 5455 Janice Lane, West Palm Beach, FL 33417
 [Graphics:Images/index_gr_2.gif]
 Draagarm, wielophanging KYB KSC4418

━━━━━━━━━━━━━━━━

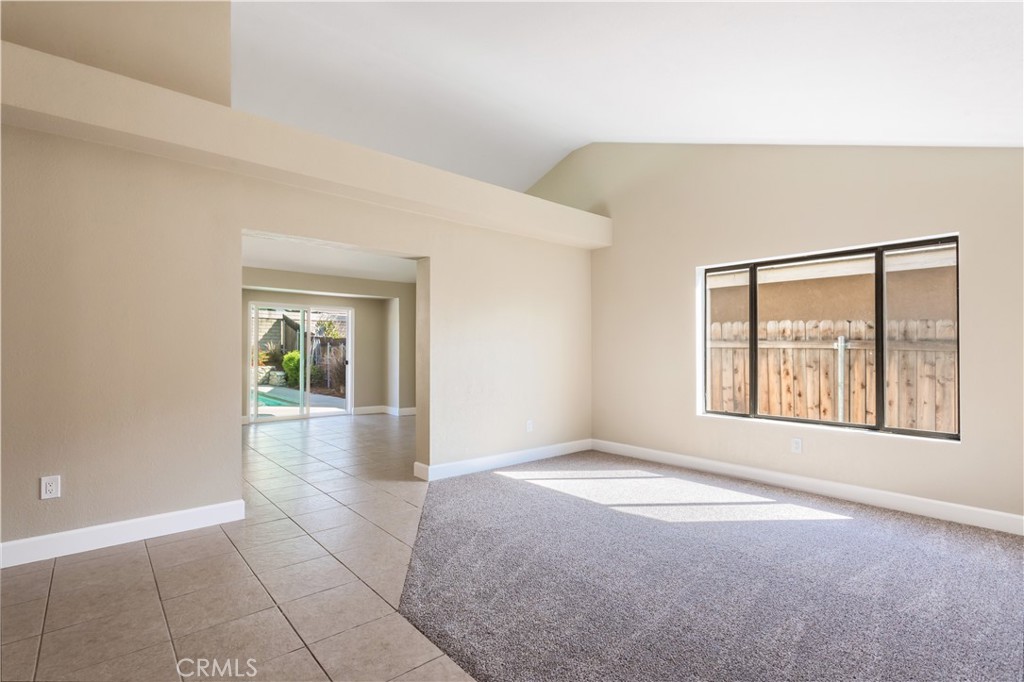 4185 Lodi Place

━━━━━━━━━━━━━━━━

From the listing above, return the lines starting at the one with "5455 Janice Lane, West Palm Beach, FL 33417" and ending at the one with "Draagarm, wielophanging KYB KSC4418", both kept, exactly as they appear and nothing more.

 5455 Janice Lane, West Palm Beach, FL 33417
 [Graphics:Images/index_gr_2.gif]
 Draagarm, wielophanging KYB KSC4418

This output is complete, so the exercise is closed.